§ Work request
Below are records to repeat exactly; do not include any pictures.

─── Task inputs ───

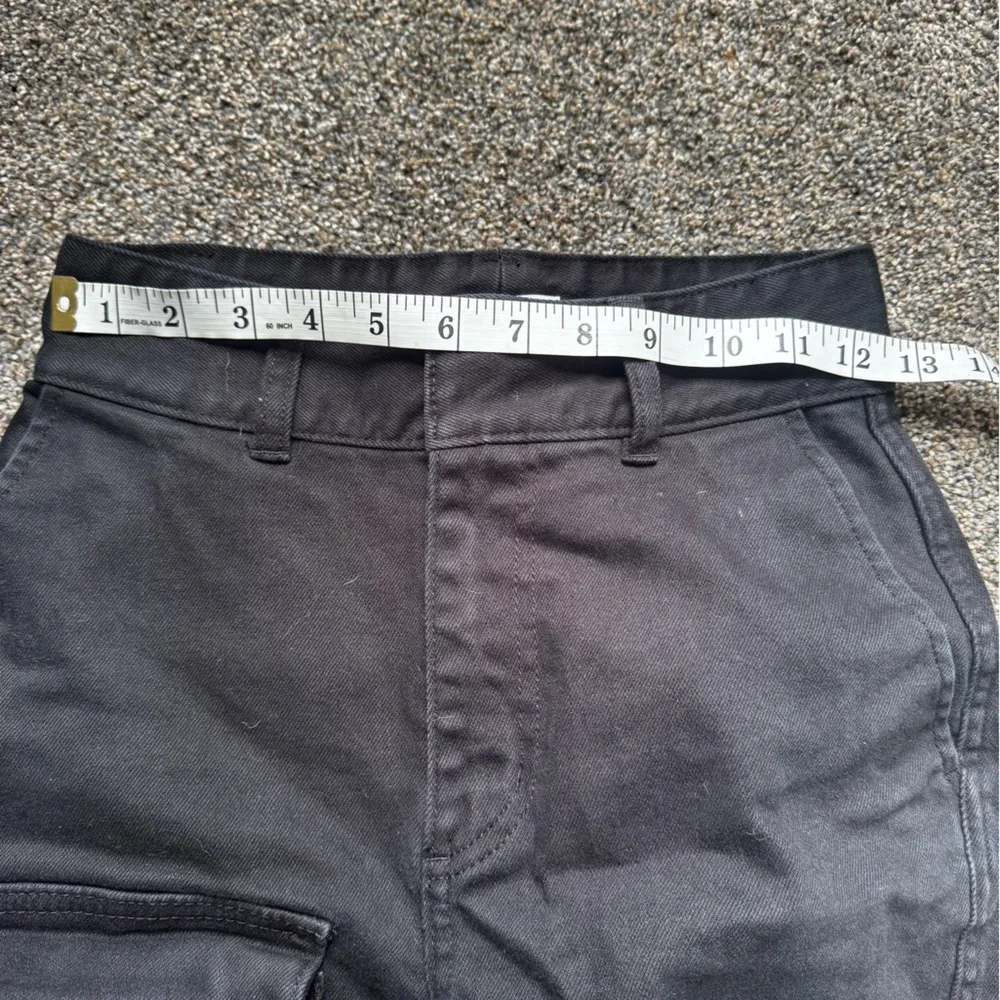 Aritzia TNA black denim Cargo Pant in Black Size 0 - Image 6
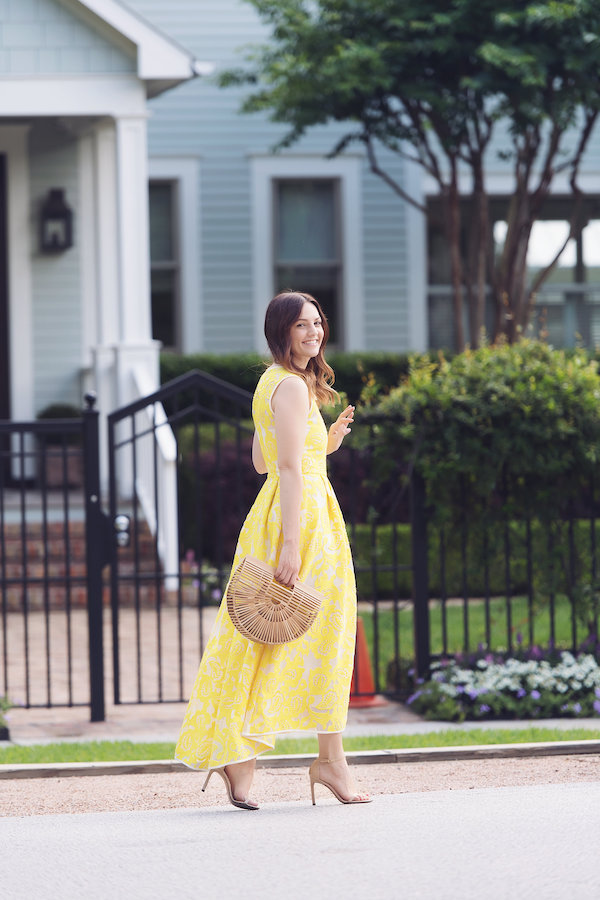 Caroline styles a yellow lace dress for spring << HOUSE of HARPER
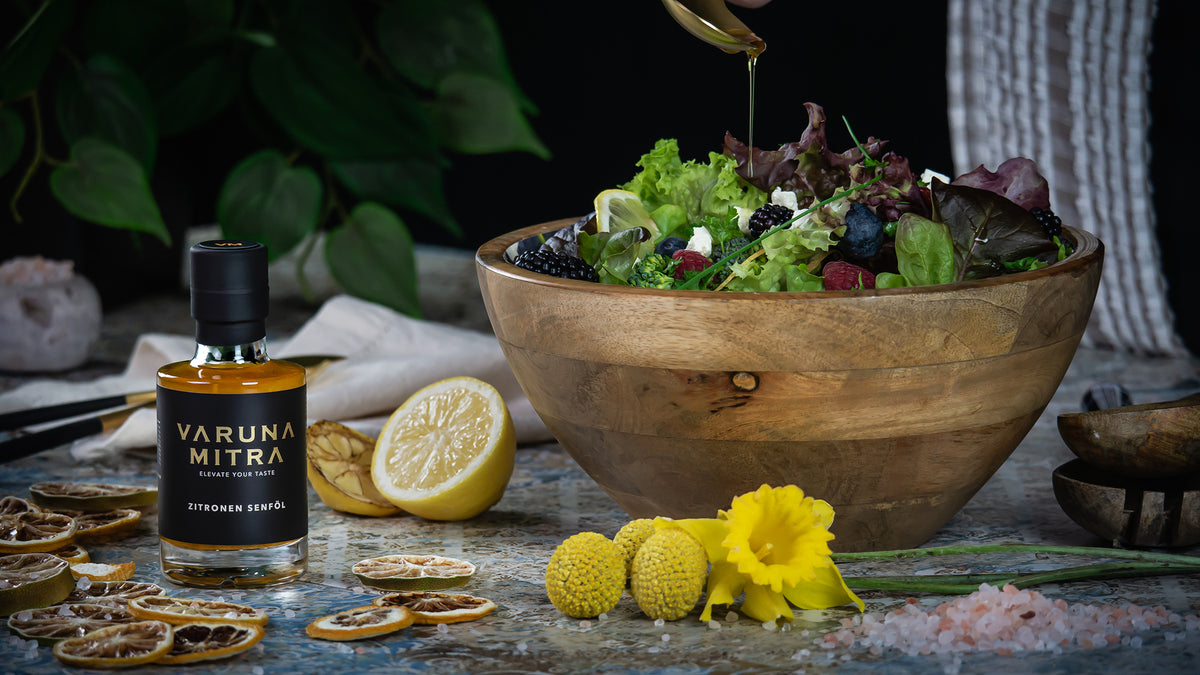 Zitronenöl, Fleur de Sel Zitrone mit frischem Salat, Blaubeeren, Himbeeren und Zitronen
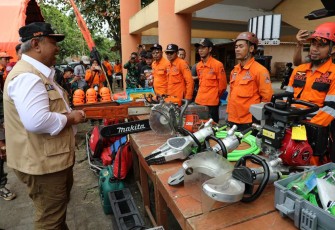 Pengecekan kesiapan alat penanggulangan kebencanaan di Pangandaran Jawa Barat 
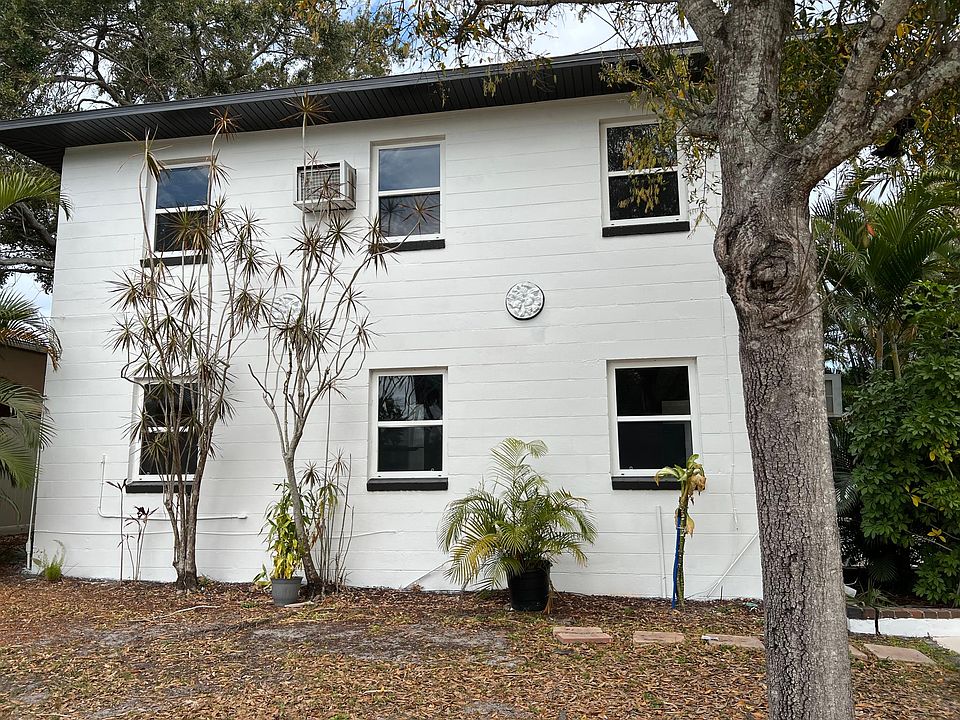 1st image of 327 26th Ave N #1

───

§ Task result
 Aritzia TNA black denim Cargo Pant in Black Size 0 - Image 6
 Caroline styles a yellow lace dress for spring << HOUSE of HARPER
 Zitronenöl, Fleur de Sel Zitrone mit frischem Salat, Blaubeeren, Himbeeren und Zitronen
 Pengecekan kesiapan alat penanggulangan kebencanaan di Pangandaran Jawa Barat 
 1st image of 327 26th Ave N #1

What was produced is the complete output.